What to do -
Repeat, word for word, all the data that follows, and exclude the pictures.

Data -
::::
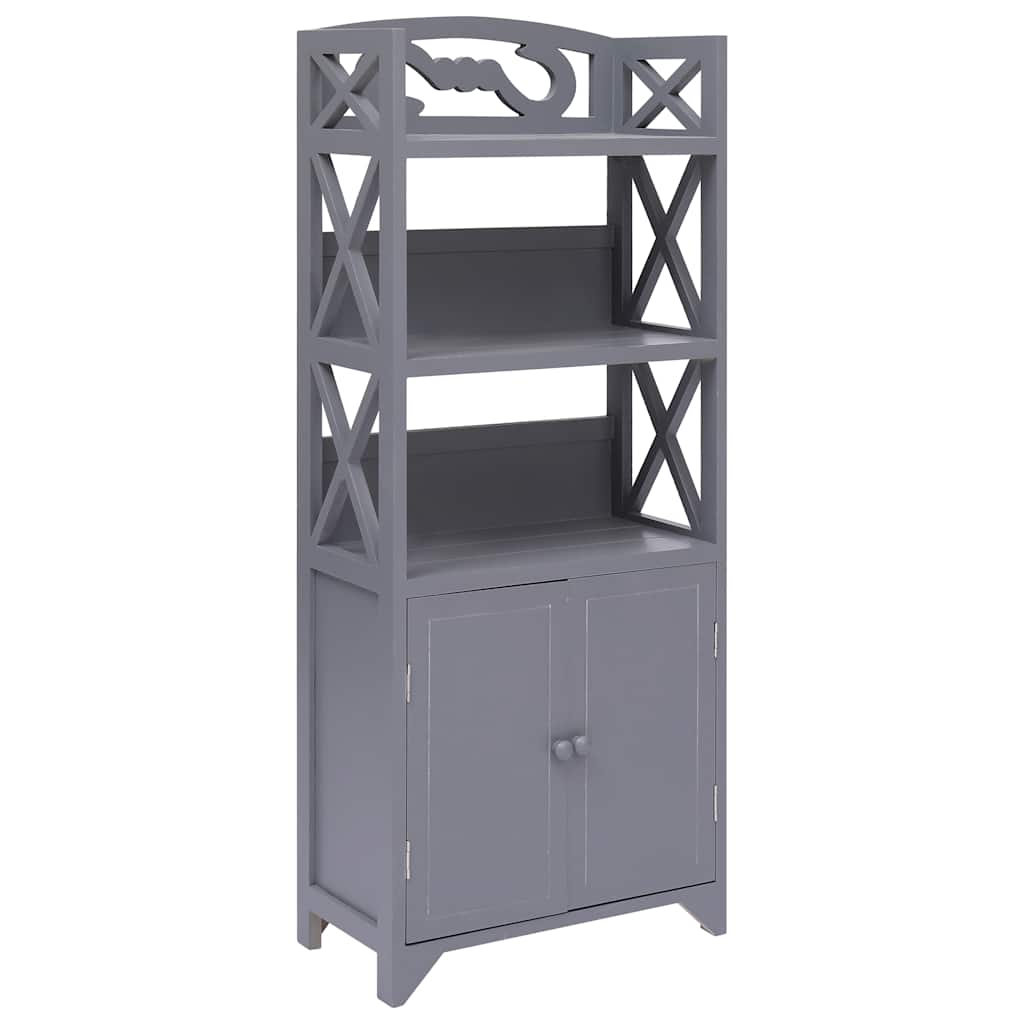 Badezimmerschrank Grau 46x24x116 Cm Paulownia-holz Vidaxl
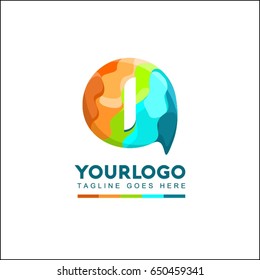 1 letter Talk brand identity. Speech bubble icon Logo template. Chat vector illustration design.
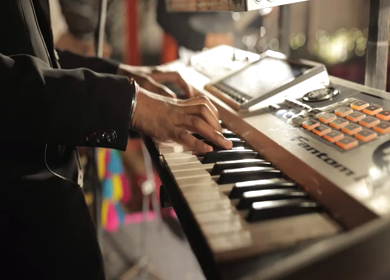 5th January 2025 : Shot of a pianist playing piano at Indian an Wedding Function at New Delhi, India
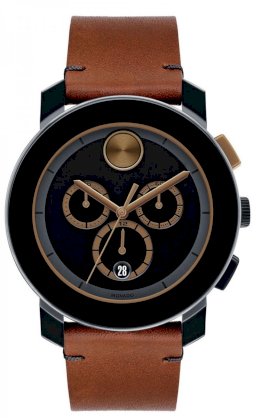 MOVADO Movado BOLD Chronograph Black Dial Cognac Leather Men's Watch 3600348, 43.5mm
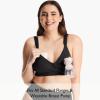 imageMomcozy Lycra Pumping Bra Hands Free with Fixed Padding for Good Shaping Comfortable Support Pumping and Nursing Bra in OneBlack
::::
Problem solution -
 Badezimmerschrank Grau 46x24x116 Cm Paulownia-holz Vidaxl
 1 letter Talk brand identity. Speech bubble icon Logo template. Chat vector illustration design.
 5th January 2025 : Shot of a pianist playing piano at Indian an Wedding Function at New Delhi, India
 MOVADO Movado BOLD Chronograph Black Dial Cognac Leather Men's Watch 3600348, 43.5mm
 imageMomcozy Lycra Pumping Bra Hands Free with Fixed Padding for Good Shaping Comfortable Support Pumping and Nursing Bra in OneBlack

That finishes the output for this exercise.